Eye on the Quads
Writing for Readers
Questions for Larry McEnerney, AM’80, Director of the Writing Program
by Mitchell Kohles, ’12 | Photography by Avi Schwab, AB'03
In 1978, Larry McEnerney, AM’80, then a humanities graduate student, was hired to help teach the first version of what would become the Little Red Schoolhouse writing course, under the direction of professors Joe Williams and Greg Colomb.
Now director of the Writing Program, McEnerney splits his time in the classroom between the writing course and undergraduate courses in the HUM and SOSC cores, for which he earned a Quantrell award in 1997. He and his wife Cathe serve as resident masters in the South Campus Residence Hall.
Why are there so many bad writers?
How much time do you have?
Isn't everyone in college already supposed to know how to write?
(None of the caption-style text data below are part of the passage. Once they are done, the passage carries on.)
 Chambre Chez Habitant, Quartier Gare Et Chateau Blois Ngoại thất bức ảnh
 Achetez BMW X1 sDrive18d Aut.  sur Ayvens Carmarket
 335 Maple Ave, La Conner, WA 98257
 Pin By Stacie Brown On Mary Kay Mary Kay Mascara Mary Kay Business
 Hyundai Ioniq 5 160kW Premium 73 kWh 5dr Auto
The idea that writing is a basic skill—that it’s reading, writing, and arithmetic—is really inadequate, and in some ways even contributes to making people bad writers. In high school they’re just pretending to do things with their writing. It’s as though somebody trained for 20 years in a sport without ever competing in the sport, and then they were suddenly called on to do the sport really well. I don’t think it would surprise anybody that they would have trouble.
You were there for the lectures that inspired Little Red Schoolhouse. What were they like?
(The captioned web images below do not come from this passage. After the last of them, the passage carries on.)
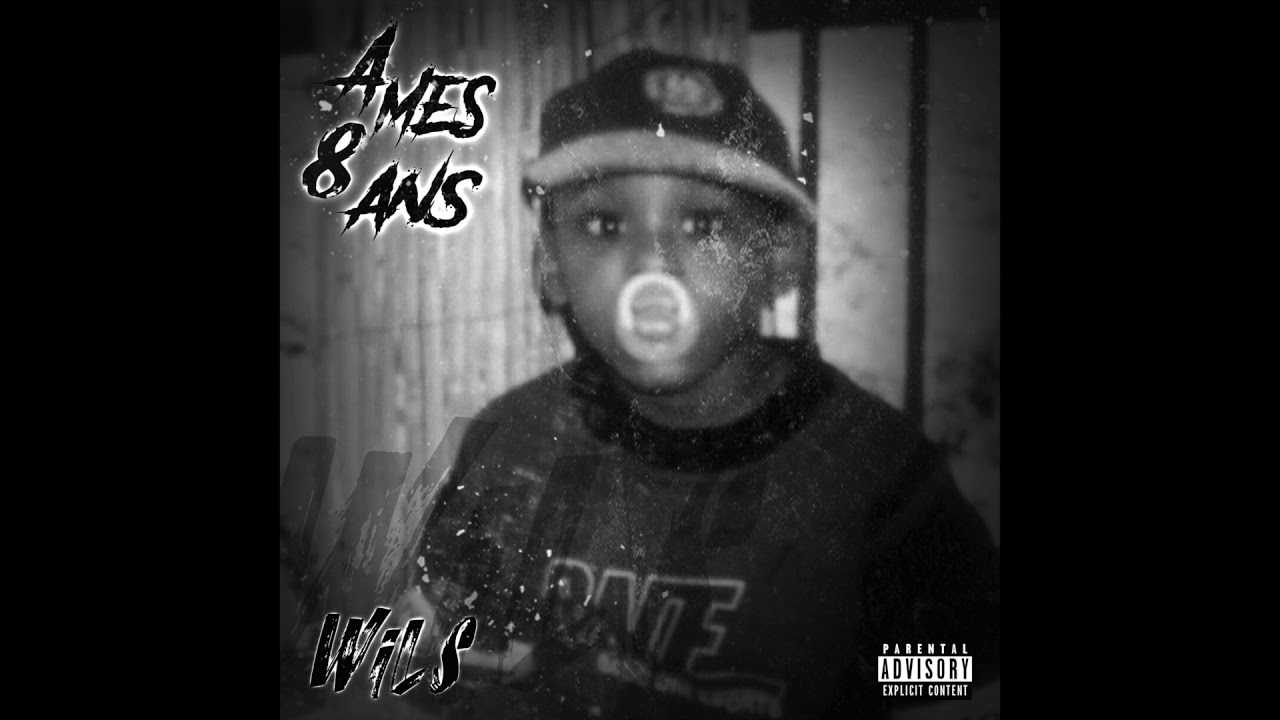 WILS - A MES 8 ANS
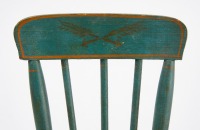 Group of Folk Doll Furniture - 3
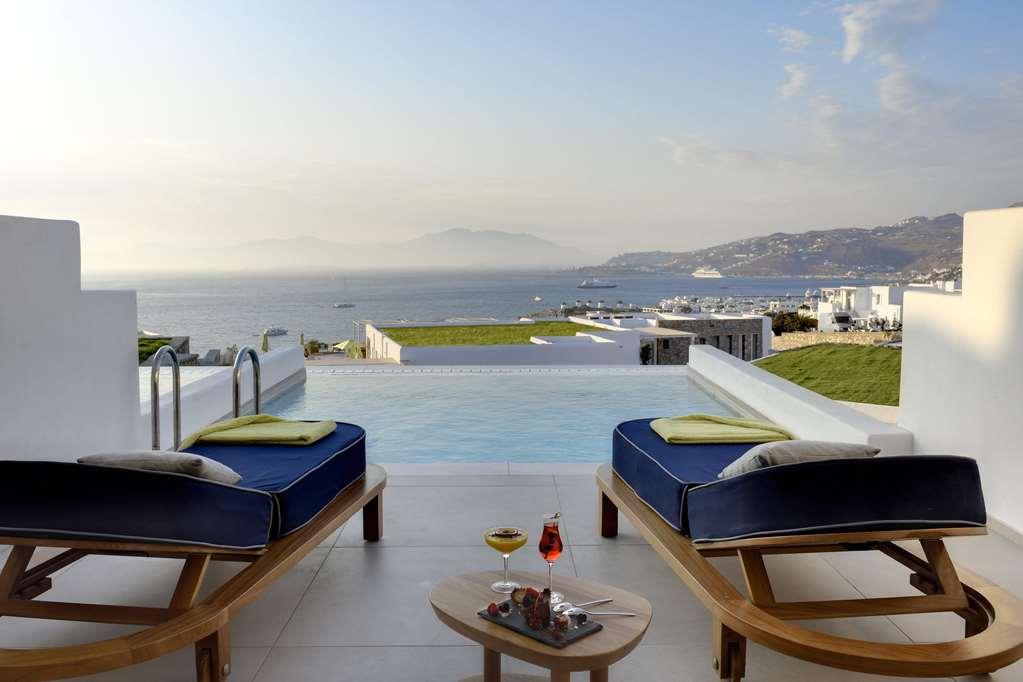 Hotel Myconian Naia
Joe used to say they got $25 from the dean [Professor Jonathan Z. Smith] to put up stickers around the campus that said “Lecture on Writing” and a time and a place. And then 200 people showed up. So they decided to have a class on it. And the story to me is still absolutely astonishing. They committed to teach the class in the winter quarter [of 1980] before they had a curriculum set.
So how did they prepare?
They hired 12 graduate students to teach writing workshops, and in the fall of ’79 did a training program. It was perfectly clear from the first night they were making this stuff up as they went. Joe was drawing things on the board in front, and Greg would be in back of the room saying, “That’s crazy, that’s not the way it works!” They would go at it, and the 12 of us graduate students, and Frank Kinahan, would look at each other thinking, “We’re going to have to teach this?” It was fascinating, and it was intellectually invigorating. And it worked.
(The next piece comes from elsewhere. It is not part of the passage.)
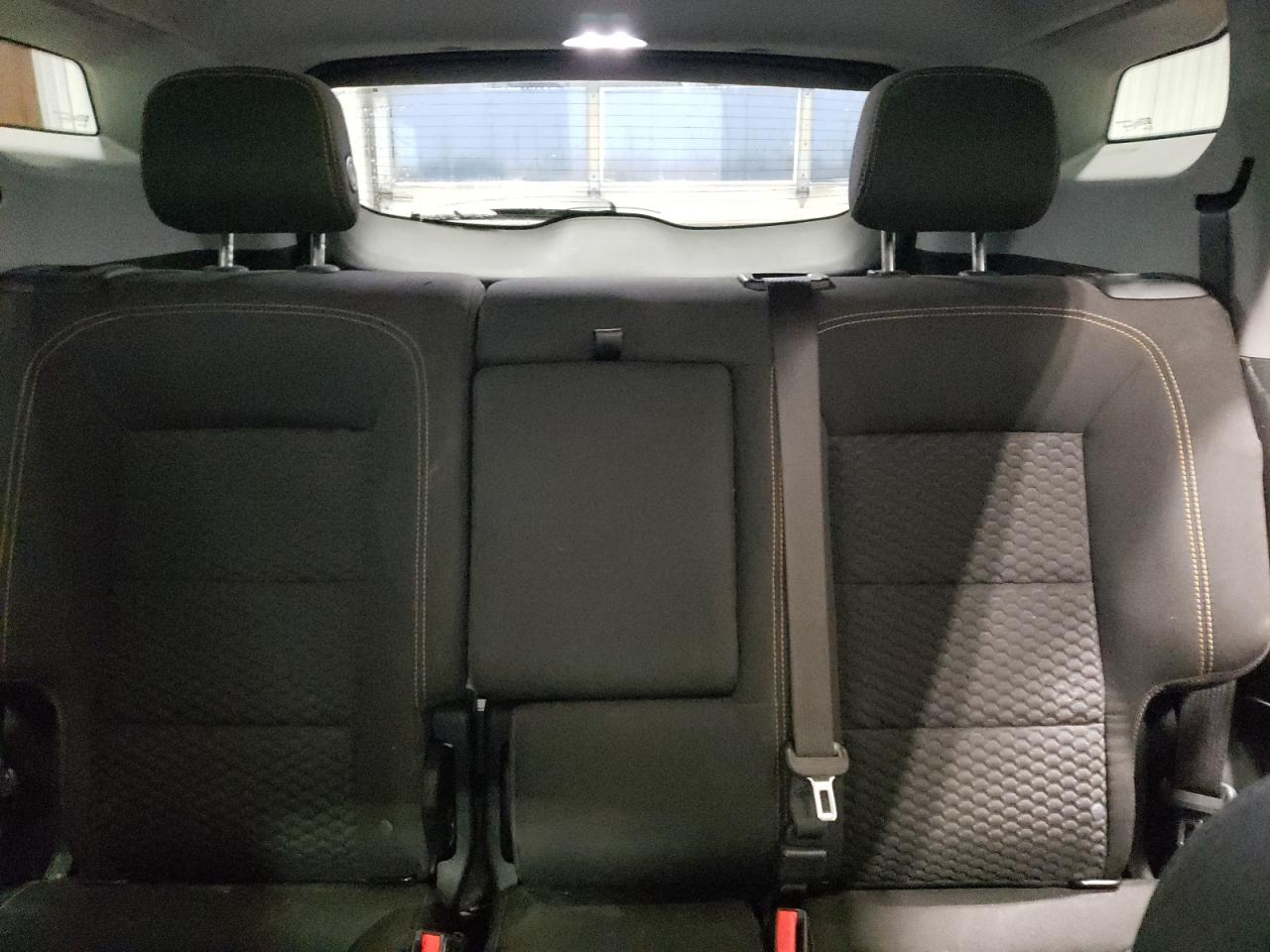 2020 GMC Terrain - Image 10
What were your first writing classes like?
The first lectures I gave were part of the College sequence, and I was awful. Just awful. Joe in fact had on his wall the course evaluation that said “Give Larry uppers.”
How is teaching in the humanities core different?
The Schoolhouse is ruthlessly pragmatic and is a specific solution to a specific problem. In the HUM core, there are so many other things on the table. When we’re reading Nietzsche or Thucydides or Shakespeare or Tolstoy … there is so much more to talk about and the issues are so much deeper. We can get at philosophy of language, we can get at a lot of ethical issues, we can get at what counts as understanding.
Do you really speak about the Gettysburg Address during every family weekend?
Yes. I’ve got a bust of Lincoln on my shelf at home because the Gettysburg Address and the Second Inaugural are the two texts that I’ve analyzed the most closely.
What is your favorite writing rule to trash during your lectures?
Undoubtedly the whole passive verb rule. A lot of bad stuff comes out of that rule.
Is there a danger that people will take the Schoolhouse ides and make them into rules?
Does that worry you?
We spend a lot of time in the Schoolhouse telling people that we’re not giving them an alternative set of rules, we’re giving them tools for predicting where their readers are going to struggle.
Besides teaching and serving as resident master, how do you stay busy?
Being a grandfather.
You taught a course about Reagan's and Obama's speeches last spring. Why?
I started thinking about it in 2008 during the campaign, when I was listening to Obama’s speeches and thinking, “These are amazing and I don’t know what’s going on, but I feel like something is going on here.” Obama led me to Heidegger in one direction and to Reagan in another, and then Reagan led me to Locke.
That must have been quite a course.
I say this to people and they think it’s just boosterism, but I can’t imagine other schools where you offer a course—and it wasn’t advertised, it was just word of mouth—that demands people on the one hand write speeches once a week, and on the other hand read Locke’s Second Treatise and Heidegger’s Being and Time. And you have people pounding down the door to do this.